Die ersten Olympischen Spiele der Zwischenkriegszeit 1920 in Antwerpen ließen die Folgen des Ersten Weltkriegs erkennen: Die Verliererstaaten blieben ausgeschlossen.10 In Deutschland zog dies 1922 die erstmalige Ausrichtung der "Deutschen Kampfspiele" als eine Art nationalistischer Gegen-Olympiade nach sich. Russland hatte sich nach der Oktoberrevolution aus dem "bürgerlichen" Sport zurückgezogen. Auf der anderen Seite konnte Britisch-Indien als Belohnung für seinen Beitrag zu den alliierten Kriegsanstrengungen erstmals mit einem eigenen Team mitwirken. 1924 fanden in Chamonix die ersten Olympischen Winterspiele statt. Bis zu den Sommerspielen von 1936 wuchs die Teilnahme auf 3,961 Athleten (davon 328 Frauen) aus 28 europäischen und 12 amerikanischen Ländern sowie Japan, China, den Philippinen, Britisch-Indien, Afghanistan, Ägypten, Südafrika, Australien und Neuseeland.
Nach den nationalsozialistischen Inszenierungen der Winter- und vor allem Sommerspiele 1936 und der kriegsbedingten Absage der für 1940 in Sapporo und Tokio geplanten Spiele kam es 1948 zu einer Wiederaufnahme des olympischen Betriebs mit den Spielen von St. Moritz und London. In die gleiche Zeit fiel der Beitritt der Sowjetunion zur olympischen Bewegung und deren Transformation in den Modus des Kalten Kriegs.11 In den folgenden vier Jahrzehnten sollten sich die beiden Supermächte an der Spitze der olympischen Medaillenspiegel ein Kopf-an-Kopf-Rennen liefern. Auch nahm die Zahl asiatischer und afrikanischer Teams zu.

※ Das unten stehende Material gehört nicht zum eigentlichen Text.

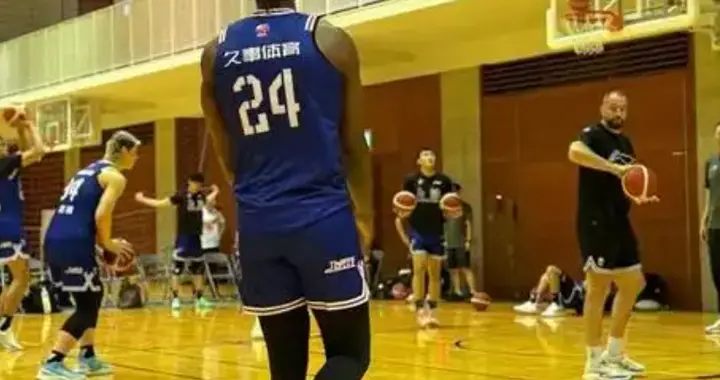 上海犯糊涂？曝大概率签约怀特塞德，之前热身赛不是证明不好用？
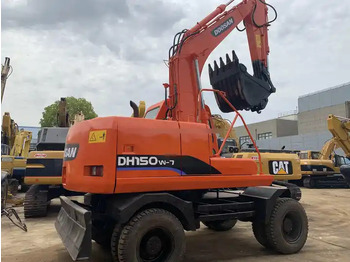Bager guseničar Wheel digging excavator Used DOOSAN150W DH150W DH150W-7 / second-hand KOREA engine DOOSAN DH 150 150W-7 DOOSAN150: slika 2 Bager guseničar Wheel digging excavator Used DOOSAN150W DH150W DH150W-7 / second-hand KOREA engine DOOSAN DH 150 150W-7 DOOSAN150: slika 2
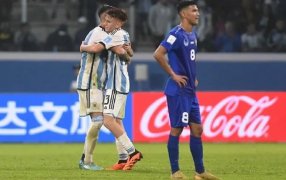 Argentina derrotó 2 a 1 a Uzbekistán y comenzó con el pie derecho en el Mundial Sub-20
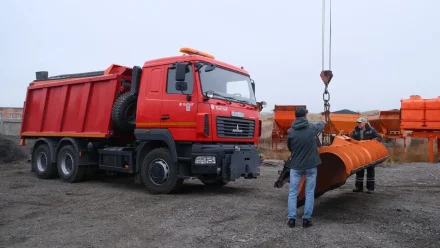 В Астрахани подготовили дорожную спецтехнику к зиме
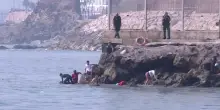 Ceuta: 1.500 migranti arrivano a nuoto dal Marocco in 7 giorni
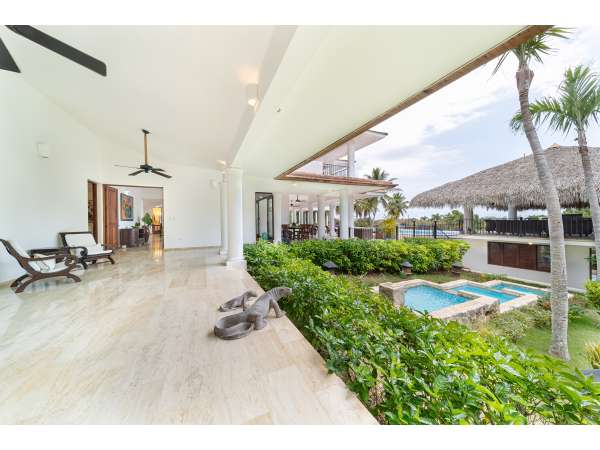 Stunning 6-bedroom Villa For Sale Inâ casa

Die als Gegenveranstaltung zu den Olympischen Spielen 1963 in Jakarta und 1966 in Phnom Penh veranstalteten Games of the New Emerging Forces (GANEFO) vermochten sich nicht dauerhaft zu etablieren.12 Hingegen setzten die afrikanischen Verbände den Ausschluss der Apartheidstaaten Südafrika (1964) und Rhodesien (1972) von den Olympischen Spielen durch.

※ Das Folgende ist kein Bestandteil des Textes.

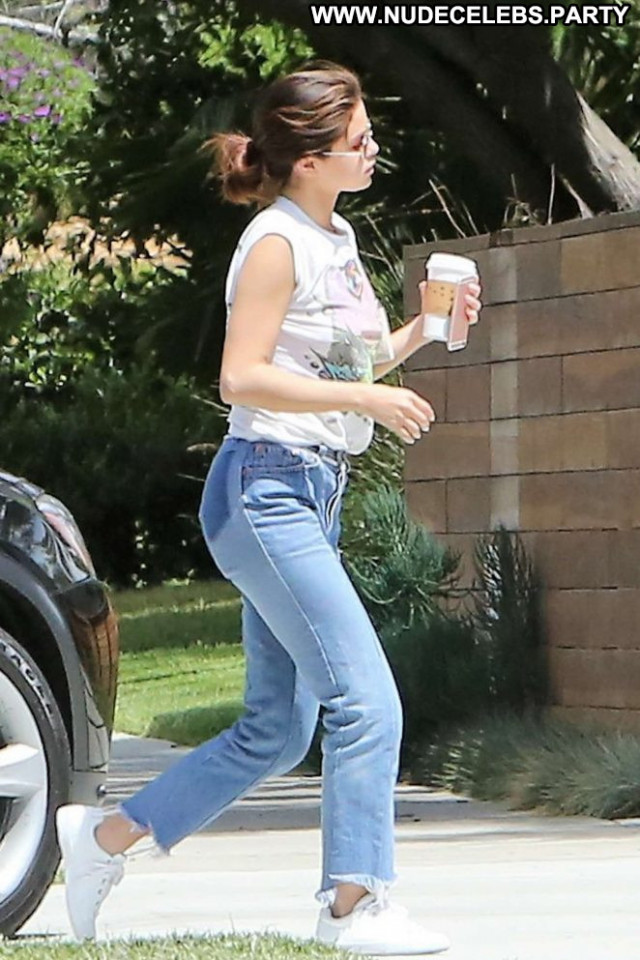 Selena Gomez No Source  Babe Jeans Posing Hot Paparazzi Celebrity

Internationale Sportverbände, Regelwerke und Meisterschaften
Zur gleichen Zeit wie das IOC entstanden zahlreiche internationale Dachverbände einzelner Sportdisziplinen, so etwa 1892 für den Eislauf, 1892/1900 für den Radsport, 1904 für den Fußball, 1908 für das Eishockey, 1910 für den Skisport und 1912 für die Leichtathletik. Diese Verbände beanspruchten für ihre jeweilige Disziplin das Monopol des internationalen Sportverkehrs, der Standardisierung der Regelwerke und der Organisation von Welt- und Europameisterschaften (zuweilen in einer eigentümlichen Mischung aus Kooperation mit und Konkurrenz zum IOC) und erkannten in der Regel nur einen Mitgliedsverband pro Land an, versuchten also auch vereinheitlichend auf die Sportstrukturen der einzelnen Länder einzuwirken. In einzelnen Disziplinen fanden bereits um die Jahrhundertwende erste internationale Meisterschaften statt; so gab es im Eiskunstlauf die ersten Weltmeisterschaften 1896 in St. Petersburg.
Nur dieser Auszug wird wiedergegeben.